Tuesday’s update from co-chairperson of the presidential task force on COVID-19, Dr. John Phuka, says there might be resurgence of the pandemic in most countries and during the period of the Africa Mask Week, people and businesses are encouraged to rally behind the significance of wearing a mask appropriately.
And it should not only be during this week, but adopt wearing of a mask as a way of life.
“Masks are recommended as a simple barrier to help prevent respiratory droplets from traveling into the air and onto other people when the person wearing the mask coughs, sneezes, talks, or raises their voice.
“This is called source control. Apart from reducing the spread of COVID-19, facemasks play an important role in the prevention and control of other infectious respiratory disease transmission such as influenza.
“Compliance with other measures including physical distancing, hand hygiene, respiratory etiquette and adequate ventilation in indoor settings is essential for reducing the spread of SARS-CoV-2, the virus that causes COVID19.”
In his situation report, Dr.

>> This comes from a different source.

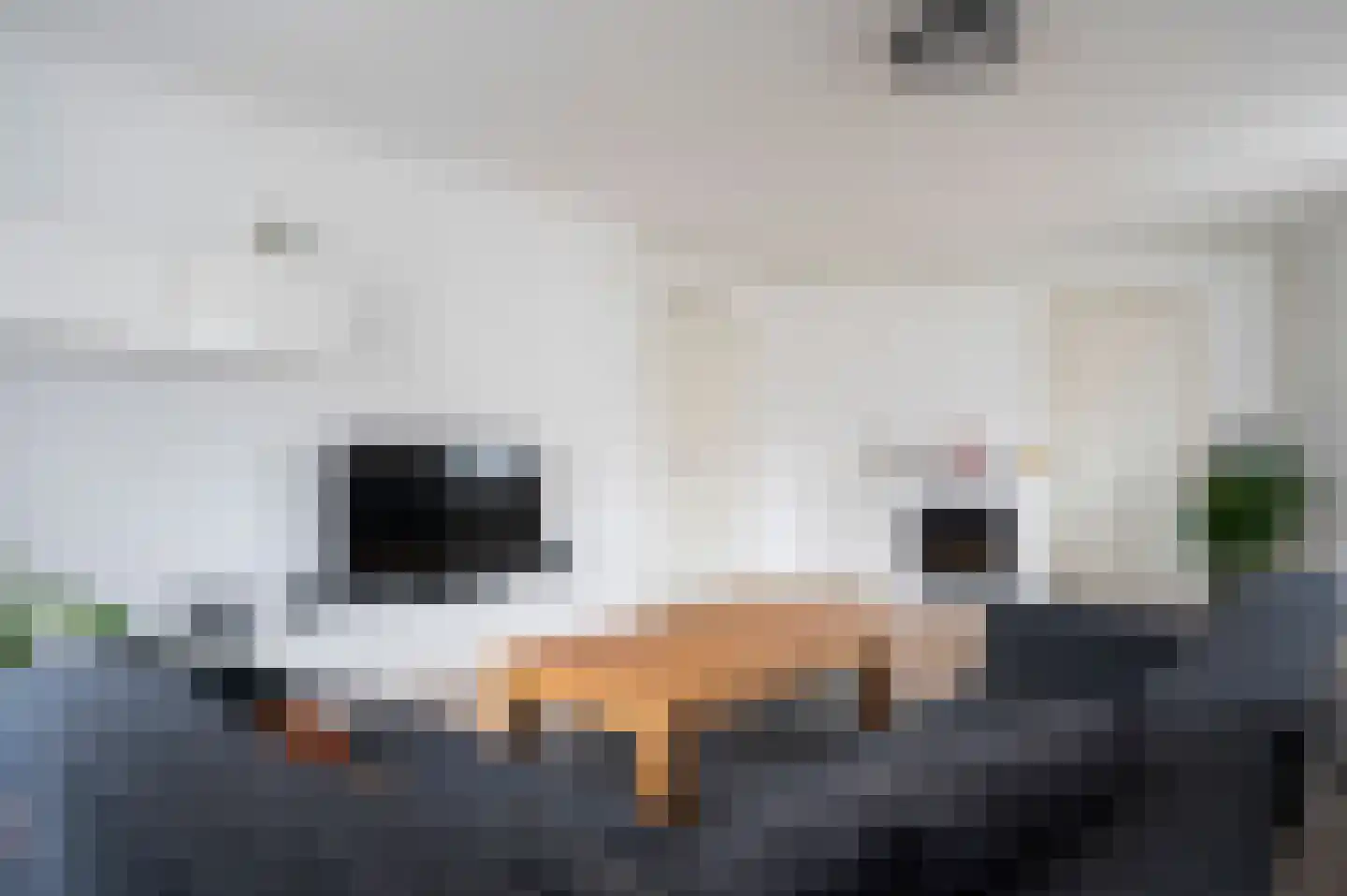 Rijksweg 1 Margraten thumbnail 19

Phuka said the past 24 hours of Tuesday, Malawi has registered eight new cases, two new recoveries, and no new deaths from 311 tests done.
The new cases are locally transmitted infections: four are from Blantyre Health District and two each from Lilongwe and Mzimba South Health Districts.
Cumulatively, Malawi has recorded 6,017 cases including 185 deaths and of these cases, 1,176 are imported infections and 4,841 are locally transmitted.
Cumulatively, 5,445 cases have now recovered and 99 were lost to follow-up, bringing the total number of active cases to 288.
Meanwhile, according to Kenya’s East African newspaper, after reporting a downward trend then a plateau, Africa has been experiencing a rise in cases since early October and the WHO said the latest increase is driven by the North African region, where temperatures are falling unlike the first wave of cases, which was triggered by hotspots in Southern Africa.
The WHO Regional Director for Africa, Matshidiso Moeti called for vigilance in the next few weeks to avert a further surge that could overwhelm health systems.
In particular, she cited Kenya, Morocco and South Africa where infections have been increasing.
She is quoted as saying: “As we near the time of year when people spend their holidays together, there is a bigger risk of COVID-19 transmission.
“WHO is worried a new cluster of cases could emerge in places that have so far been unaffected as people travel or gather for festivities.”
And speaking last week at a virtual press conference, Dr Moeti said 19 countries in Africa have reported an over 20% increase in new cases in the past 28 days compared with the previous four weeks.
However, 17 countries are also reporting a more than 20% drop in the number of new cases over the past 28 days, compared with the previous four weeks.
Rwanda has closed 25 coronavirus treatment centres across the country following a successful reduction in positive cases.
Only seven treatment cases now remain active, and the Ministry of Health is confident these are enough to handle critically ill patients across the country.
Of those still open, two are located in Kigali — including one treatment centre within the crowded Mageragera Prison — four in the eastern and southern province and one in the north.
“We closed all the treatment centres mainly because majority of the patients with minor non-symptomatic cases are treated at home,” Sabin Nsanzimana, director-general of the Rwanda Biomedical Centre told The EastAfrican.
“Those with severe coronaries symptoms only make up 30% of the total positive cases and they are treated at the national treatment centres,” she added.
WHO is urging governments to conduct risk assessments at the sub-national level and identify areas of high risk and based on this analysis, local governments can adjust their public health measures accordingly.
It is also calling for community engagement to ensure all citizens in cities, districts and villages across Africa are committed to fighting the COVID-19.